Aunque esta “revolución mundial de 1968” fue derrotada políticamente en los “tres mundos” y la Guerra Fría siguió adelante a buen ritmo, se puso en cuestión fatal e irreversiblemente la “geocultura” que legitimaba el orden mundial bipolar; y a su debido tiempo, esto llevaría al repudio generalizado del marxismo-leninismo en el campo socialista (antes el “Segundo Mundo”), que se derrumbó y desapareció en 1989-91. Ese monumental acontecimiento mundial ocultó el repudio más gradual del liberalismo wilsoniano/New Deal hegemónico mundial como ideología rectora no sólo en el “mundo libre” liderado por Estados Unidos, sino en Estados Unidos mismo. (En el Tercer Mundo, el repudio del autoritarismo condujo a diversas “primaveras” y “transiciones” democráticas en algunos países, y a la reafirmación enérgica del autoritarismo en otros.)


En la izquierda estadounidense, las semillas intelectuales habían sido plantadas en Estados Unidos por los intelectuales/activistas de la “Nueva Izquierda”: Herbert Marcuse y su discípula Angela Davis, Noam Chomsky, Saul Alinsky, Betty Friedman y Patricia Hill Collins, bell hooks y Gloria Anzaldúa, Stokely Carmichael (Kwame Ture) y Malcolm X, Bert Corona, Rudy Acuña y Juan Gómez-Quiñones, todos los cuales explicaron la necesidad de, validaron y alentaron las rebeliones antiimperialistas, feministas, laborales y étnicas de las décadas siguientes.


En la derecha estadounidense, las críticas antiliberales, hasta entonces marginadas, de Friedrich von Hayek, Ludwig von Mises, Leo Strauss, Ayn Rand y Milton Friedman empezaron a ganar terreno entre importantes sectores económicos y políticos de la élite del poder que se oponían a la doctrina liberal reinante de la economía política conocida como keynesianismo –la doctrina del New Deal que justificaba el “Estado del bienestar” regulatorio, intervencionista y redistributivo–, así como a la construcción de la “sociedad multicultural”, la difusión del feminismo y la “política de la identidad” tras los movimientos por los derechos civiles y de la mujer.


Incluso durante la presidencia de Richard Nixon –cuando Nixon dijo “ahora todos somos keynesianos” y su administración institucionalizó por primera vez todo tipo de políticas, programas e iniciativas de “acción afirmativa” para desactivar y cooptar la revuelta de los años 60 y principios de los 70–, el duopolio funcionaba como debía, bajo la hegemonía ideológica del liberalismo wilsoniano/del New Deal, con el conservadurismo como su avatar respetable, desempeñando el papel de “oposición leal” en un estatus perennemente minoritario en el Congreso.


Pero a partir del triunfo de Ronald Reagan en 1980 y el inicio de la llamada “Revolución Reaganista”, el espectacular ascenso de la derecha conservadora sobre la izquierda liberal se convirtió en una tendencia irreversible dentro del duopolio, invirtiendo el desequilibrio previo de poder ideológico y político.


A partir de entonces, el duopolio estadounidense comenzó a guiarse principalmente por las teorías fundamentalistas del mercado y anti-estatistas propuestas por los pensadores antiliberales ya mencionados.

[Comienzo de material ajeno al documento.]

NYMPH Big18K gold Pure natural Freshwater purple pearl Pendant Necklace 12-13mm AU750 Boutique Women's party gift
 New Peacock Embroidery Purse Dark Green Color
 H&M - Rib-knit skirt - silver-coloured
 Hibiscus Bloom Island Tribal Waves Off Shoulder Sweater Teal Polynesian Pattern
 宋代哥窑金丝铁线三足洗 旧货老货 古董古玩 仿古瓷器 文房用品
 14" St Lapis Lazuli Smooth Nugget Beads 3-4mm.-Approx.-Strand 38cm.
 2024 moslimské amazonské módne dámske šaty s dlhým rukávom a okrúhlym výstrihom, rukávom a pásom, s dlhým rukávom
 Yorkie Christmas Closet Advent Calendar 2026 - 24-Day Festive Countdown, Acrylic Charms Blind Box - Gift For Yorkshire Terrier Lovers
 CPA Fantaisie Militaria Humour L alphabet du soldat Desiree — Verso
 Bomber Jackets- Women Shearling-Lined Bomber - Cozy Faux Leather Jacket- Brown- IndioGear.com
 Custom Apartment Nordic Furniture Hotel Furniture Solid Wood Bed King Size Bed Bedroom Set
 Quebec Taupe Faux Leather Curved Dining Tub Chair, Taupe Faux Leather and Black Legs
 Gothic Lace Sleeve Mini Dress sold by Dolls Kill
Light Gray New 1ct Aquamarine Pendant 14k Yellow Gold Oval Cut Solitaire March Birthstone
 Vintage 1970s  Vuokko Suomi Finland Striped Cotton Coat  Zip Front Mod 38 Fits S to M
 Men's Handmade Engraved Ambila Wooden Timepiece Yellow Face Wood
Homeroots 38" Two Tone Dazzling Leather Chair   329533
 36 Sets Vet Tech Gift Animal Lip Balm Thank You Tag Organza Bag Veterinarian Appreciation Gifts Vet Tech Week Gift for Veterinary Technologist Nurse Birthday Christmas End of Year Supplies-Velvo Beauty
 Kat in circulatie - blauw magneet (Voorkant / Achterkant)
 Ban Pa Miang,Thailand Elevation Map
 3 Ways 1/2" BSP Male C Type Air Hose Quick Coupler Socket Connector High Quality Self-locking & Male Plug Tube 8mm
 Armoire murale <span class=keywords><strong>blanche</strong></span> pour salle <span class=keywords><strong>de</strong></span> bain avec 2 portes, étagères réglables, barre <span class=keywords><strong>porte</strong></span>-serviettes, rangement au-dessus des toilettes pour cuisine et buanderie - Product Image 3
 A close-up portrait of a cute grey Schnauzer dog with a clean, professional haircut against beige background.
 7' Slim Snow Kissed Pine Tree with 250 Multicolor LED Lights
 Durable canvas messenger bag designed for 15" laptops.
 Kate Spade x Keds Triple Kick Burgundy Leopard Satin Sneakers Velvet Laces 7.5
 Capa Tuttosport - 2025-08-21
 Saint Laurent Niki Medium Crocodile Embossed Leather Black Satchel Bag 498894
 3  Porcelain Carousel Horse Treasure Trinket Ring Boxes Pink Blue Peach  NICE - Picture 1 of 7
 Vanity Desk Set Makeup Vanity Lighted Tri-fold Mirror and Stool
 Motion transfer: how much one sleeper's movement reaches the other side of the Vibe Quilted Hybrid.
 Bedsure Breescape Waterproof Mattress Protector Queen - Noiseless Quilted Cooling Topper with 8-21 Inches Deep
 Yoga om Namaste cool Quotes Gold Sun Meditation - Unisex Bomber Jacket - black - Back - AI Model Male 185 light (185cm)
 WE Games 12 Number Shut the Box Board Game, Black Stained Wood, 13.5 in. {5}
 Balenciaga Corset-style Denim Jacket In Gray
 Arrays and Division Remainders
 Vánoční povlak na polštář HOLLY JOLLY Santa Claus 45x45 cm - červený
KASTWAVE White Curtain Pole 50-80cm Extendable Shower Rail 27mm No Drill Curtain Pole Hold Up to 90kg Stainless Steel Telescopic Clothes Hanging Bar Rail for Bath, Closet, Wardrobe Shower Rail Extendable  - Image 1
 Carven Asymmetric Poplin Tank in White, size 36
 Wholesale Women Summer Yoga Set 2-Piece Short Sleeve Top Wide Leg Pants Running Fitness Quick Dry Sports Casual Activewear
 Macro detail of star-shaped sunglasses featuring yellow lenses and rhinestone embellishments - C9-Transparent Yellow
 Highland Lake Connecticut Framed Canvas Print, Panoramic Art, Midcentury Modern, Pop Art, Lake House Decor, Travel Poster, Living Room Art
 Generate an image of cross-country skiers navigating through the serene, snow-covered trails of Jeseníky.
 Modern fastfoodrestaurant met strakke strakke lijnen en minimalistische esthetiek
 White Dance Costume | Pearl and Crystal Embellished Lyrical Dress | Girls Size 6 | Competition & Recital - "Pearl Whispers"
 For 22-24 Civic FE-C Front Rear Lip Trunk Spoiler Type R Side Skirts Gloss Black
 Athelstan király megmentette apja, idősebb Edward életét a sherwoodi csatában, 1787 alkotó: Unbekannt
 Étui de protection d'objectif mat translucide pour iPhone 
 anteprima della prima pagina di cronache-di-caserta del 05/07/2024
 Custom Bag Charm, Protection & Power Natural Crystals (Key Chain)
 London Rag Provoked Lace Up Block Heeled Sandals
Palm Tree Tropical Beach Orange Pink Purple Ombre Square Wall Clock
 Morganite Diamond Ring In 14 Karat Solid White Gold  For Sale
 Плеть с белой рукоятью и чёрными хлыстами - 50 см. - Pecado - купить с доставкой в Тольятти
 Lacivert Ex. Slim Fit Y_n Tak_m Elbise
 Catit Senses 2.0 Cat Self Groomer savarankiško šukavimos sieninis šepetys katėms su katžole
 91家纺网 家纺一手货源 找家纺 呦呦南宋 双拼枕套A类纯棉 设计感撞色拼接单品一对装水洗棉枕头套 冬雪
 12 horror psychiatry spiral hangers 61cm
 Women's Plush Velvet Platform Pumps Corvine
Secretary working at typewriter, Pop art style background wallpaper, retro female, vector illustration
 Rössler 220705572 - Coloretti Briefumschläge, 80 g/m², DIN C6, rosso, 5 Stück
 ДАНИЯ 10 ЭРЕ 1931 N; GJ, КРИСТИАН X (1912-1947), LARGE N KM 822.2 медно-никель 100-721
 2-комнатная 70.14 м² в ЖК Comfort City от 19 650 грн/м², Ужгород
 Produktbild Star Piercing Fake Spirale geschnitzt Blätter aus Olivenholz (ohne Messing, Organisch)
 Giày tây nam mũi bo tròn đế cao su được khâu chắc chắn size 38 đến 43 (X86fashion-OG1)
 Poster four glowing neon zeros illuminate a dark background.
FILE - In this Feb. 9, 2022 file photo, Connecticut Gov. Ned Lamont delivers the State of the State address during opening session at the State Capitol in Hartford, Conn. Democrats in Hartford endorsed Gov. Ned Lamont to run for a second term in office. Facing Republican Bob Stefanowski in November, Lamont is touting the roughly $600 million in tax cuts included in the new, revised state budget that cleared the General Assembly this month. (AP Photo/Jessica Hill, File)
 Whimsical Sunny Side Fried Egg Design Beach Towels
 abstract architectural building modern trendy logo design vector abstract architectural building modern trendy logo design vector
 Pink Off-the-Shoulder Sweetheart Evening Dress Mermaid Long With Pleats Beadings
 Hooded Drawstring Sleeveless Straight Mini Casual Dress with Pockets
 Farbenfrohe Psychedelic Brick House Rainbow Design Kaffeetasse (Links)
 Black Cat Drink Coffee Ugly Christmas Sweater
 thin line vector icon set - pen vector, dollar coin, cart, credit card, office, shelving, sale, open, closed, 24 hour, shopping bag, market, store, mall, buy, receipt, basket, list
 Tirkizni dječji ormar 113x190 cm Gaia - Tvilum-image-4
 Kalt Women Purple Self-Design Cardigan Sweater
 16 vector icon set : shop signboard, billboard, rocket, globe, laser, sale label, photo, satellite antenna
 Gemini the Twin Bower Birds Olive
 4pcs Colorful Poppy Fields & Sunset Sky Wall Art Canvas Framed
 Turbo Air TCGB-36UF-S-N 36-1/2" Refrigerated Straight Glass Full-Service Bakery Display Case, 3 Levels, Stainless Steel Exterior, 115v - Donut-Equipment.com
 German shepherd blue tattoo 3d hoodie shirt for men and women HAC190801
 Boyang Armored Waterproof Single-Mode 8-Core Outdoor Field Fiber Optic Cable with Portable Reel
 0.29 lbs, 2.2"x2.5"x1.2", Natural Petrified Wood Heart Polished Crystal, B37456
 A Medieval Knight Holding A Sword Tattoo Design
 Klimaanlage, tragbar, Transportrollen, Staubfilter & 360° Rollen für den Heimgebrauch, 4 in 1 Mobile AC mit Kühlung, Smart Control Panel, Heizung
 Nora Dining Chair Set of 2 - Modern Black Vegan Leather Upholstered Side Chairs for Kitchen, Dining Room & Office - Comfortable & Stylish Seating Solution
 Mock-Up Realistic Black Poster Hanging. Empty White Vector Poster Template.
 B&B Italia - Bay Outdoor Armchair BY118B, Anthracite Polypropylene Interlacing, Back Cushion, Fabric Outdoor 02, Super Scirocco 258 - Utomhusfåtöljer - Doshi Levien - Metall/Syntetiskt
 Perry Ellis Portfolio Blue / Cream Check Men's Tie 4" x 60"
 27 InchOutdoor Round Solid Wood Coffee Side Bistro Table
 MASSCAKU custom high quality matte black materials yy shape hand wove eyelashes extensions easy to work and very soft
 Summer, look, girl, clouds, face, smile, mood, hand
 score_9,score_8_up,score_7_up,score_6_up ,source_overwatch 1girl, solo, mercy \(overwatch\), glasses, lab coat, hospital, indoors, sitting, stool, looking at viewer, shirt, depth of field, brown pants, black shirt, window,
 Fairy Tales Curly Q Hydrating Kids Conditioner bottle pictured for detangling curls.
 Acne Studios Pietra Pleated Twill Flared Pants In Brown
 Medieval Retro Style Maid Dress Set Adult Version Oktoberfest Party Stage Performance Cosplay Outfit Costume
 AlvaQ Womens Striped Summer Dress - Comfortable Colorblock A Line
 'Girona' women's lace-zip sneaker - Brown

El Partido Republicano adoptó audazmente un programa agresivo de desmantelamiento de los programas y políticas redistributivos del New Deal, especialmente sus políticas de Estado de Bienestar y los programas destinados a ampliar el contrato social para incluir y beneficiar a las clases trabajadoras, las mujeres y los sectores sociales étnicos históricamente excluidos. Todos estos programas y políticas se consideraron ahora que fueron implementados a expensas de la plutocracia estadounidense, su tasa de acumulación de riqueza, y por lo tanto, la urgente necesidad de reemplazar la economía keynesiana por una versión sin trabas del capitalismo de mercado puro. Esto llevó al lanzamiento del proyecto de globalización corporativa en el extranjero y allanó el camino para el regreso a la era de los Robber Barons del capitalismo monopolista en el país.


La guerra ideológica contra el liberalismo del New Deal, el multiculturalismo y el feminismo despegó en Estados Unidos con la misma intensidad que la renovada Guerra Fría geopolítica contra la superpotencia socialista rival, que por entonces estaba estancada y tambaleante. El lado liberal del duopolio dejó de tener la iniciativa, tanto a nivel internacional como nacional.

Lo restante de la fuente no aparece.